Input for this task |
━━━

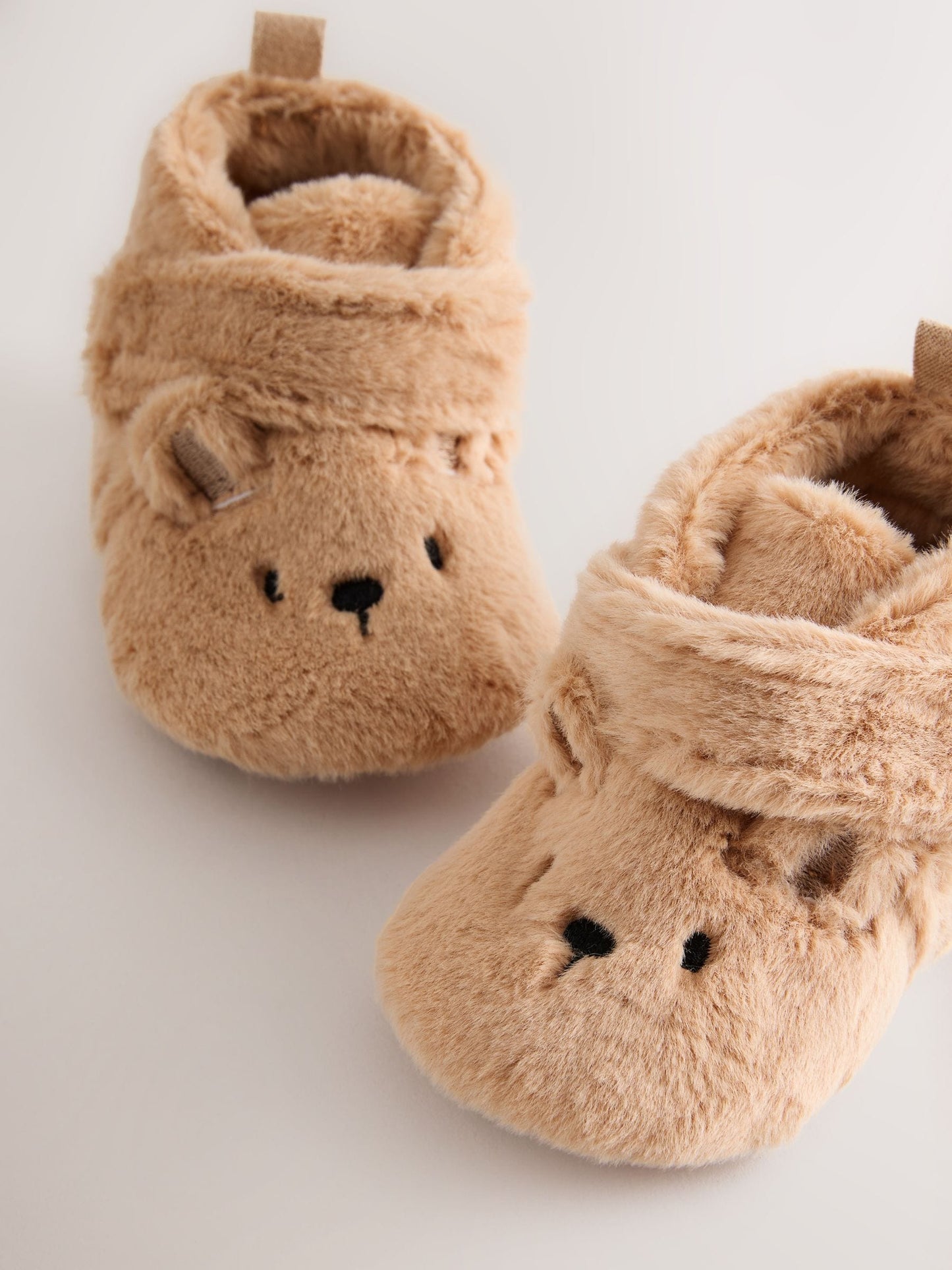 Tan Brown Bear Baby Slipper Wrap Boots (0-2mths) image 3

━━━

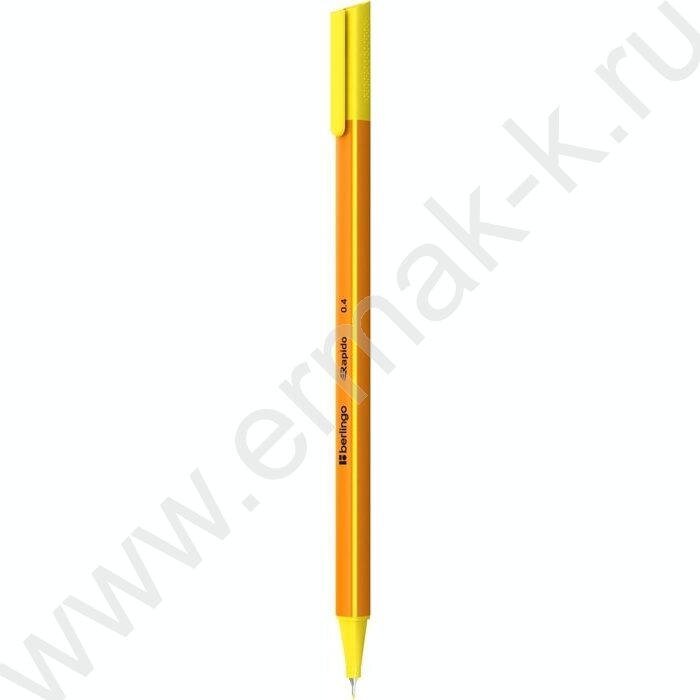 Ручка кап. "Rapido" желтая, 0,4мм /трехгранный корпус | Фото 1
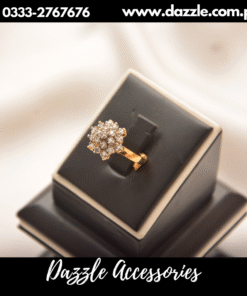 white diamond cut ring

━━━

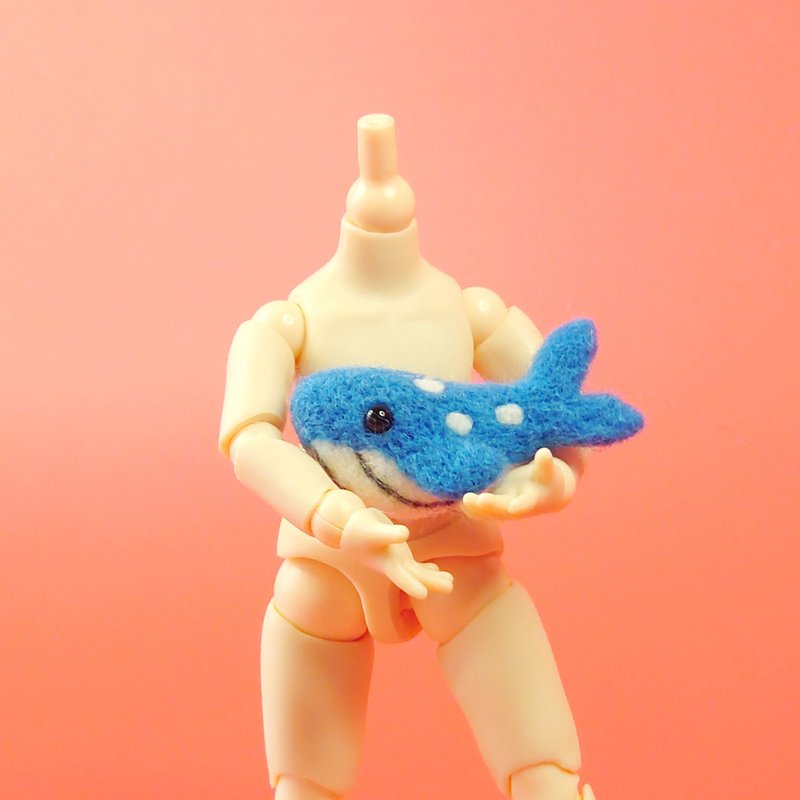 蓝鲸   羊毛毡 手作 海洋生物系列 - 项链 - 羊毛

━━━

Above are some records; quote exactly and only the lines that begin at the line containing "корпус | Фото 1" and stop after the line containing "white diamond cut ring", leaving out the pictures.

 Ручка кап. "Rapido" желтая, 0,4мм /трехгранный корпус | Фото 1
 white diamond cut ring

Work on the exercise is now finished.